DeepInsight

This repository contains the original MatLab code for DeepInsight as described in the paper DeepInsight: A methodology to transform a non-image data to an image for convolution neural network architecture, as well as a python implementation for some features.

pyDeepInsight

This package provides a python version of the image transformation procedure of DeepInsight.

Installation

pip install git+git://github.com/alok-ai-lab/DeepInsight.git#egg=DeepInsight

Usage

The following is a walkthrough of standard usage of the ImageTransformer class

from pyDeepInsight import ImageTransformer, LogScaler
from sklearn.model_selection import train_test_split
import pandas as pd
import numpy as np

from matplotlib import pyplot as plt
import seaborn as sns

Load example TCGA data

expr_file = r"./data/tcga.rnaseq_fpkm_uq.example.txt.gz"
expr = pd.read_csv(expr_file, sep="\t")
y = expr['project'].values
X = expr.iloc[:, 1:].values
X_train, X_test, y_train, y_test = train_test_split(
    X, y, test_size=0.2, random_state=23, stratify=y)
X_train.shape
(480, 5000)

Normalize data to values between 0 and 1. The following normalization procedure is described in the DeepInsight paper supplementary information as norm-2.


ln = LogScaler()
X_train_norm = ln.fit_transform(X_train)
X_test_norm = ln.transform(X_test)

Initialize image transformer.

it = ImageTransformer(feature_extractor='tsne', 
                      pixels=50, random_state=1701, 
                      n_jobs=-1)

Train image transformer on training data. Setting plot=True results in at a plot showing the reduced features (blue points), convex full (red), and minimum bounding rectagle (green) prior to rotation.

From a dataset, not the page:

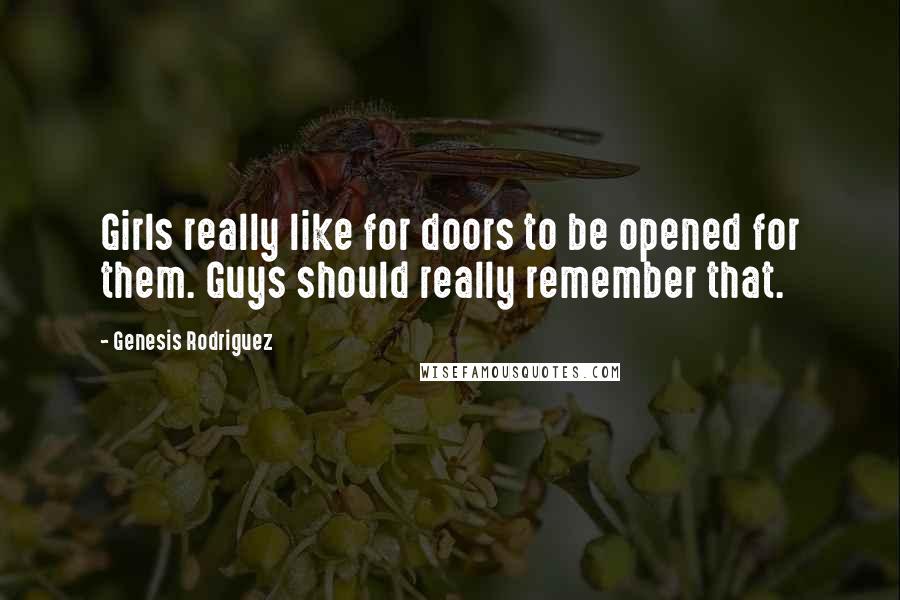 Genesis Rodriguez Quotes: Girls really like for doors to be opened for them. Guys should really remember that.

plt.figure(figsize=(5, 5))
it.fit(X_train_norm, plot=True)

png

The feature density matrix can be extracted from the trained transformer in order to view overall feature overlap.

fdm = it.feature_density_matrix()
fdm[fdm == 0] = np.nan

plt.figure(figsize=(10, 7))

ax = sns.heatmap(fdm, cmap="viridis", linewidths=0.01, 
                 linecolor="lightgrey", square=True)
for _, spine in ax.spines.items():
    spine.set_visible(True)

png

It is possible to update the pixel size without retraining.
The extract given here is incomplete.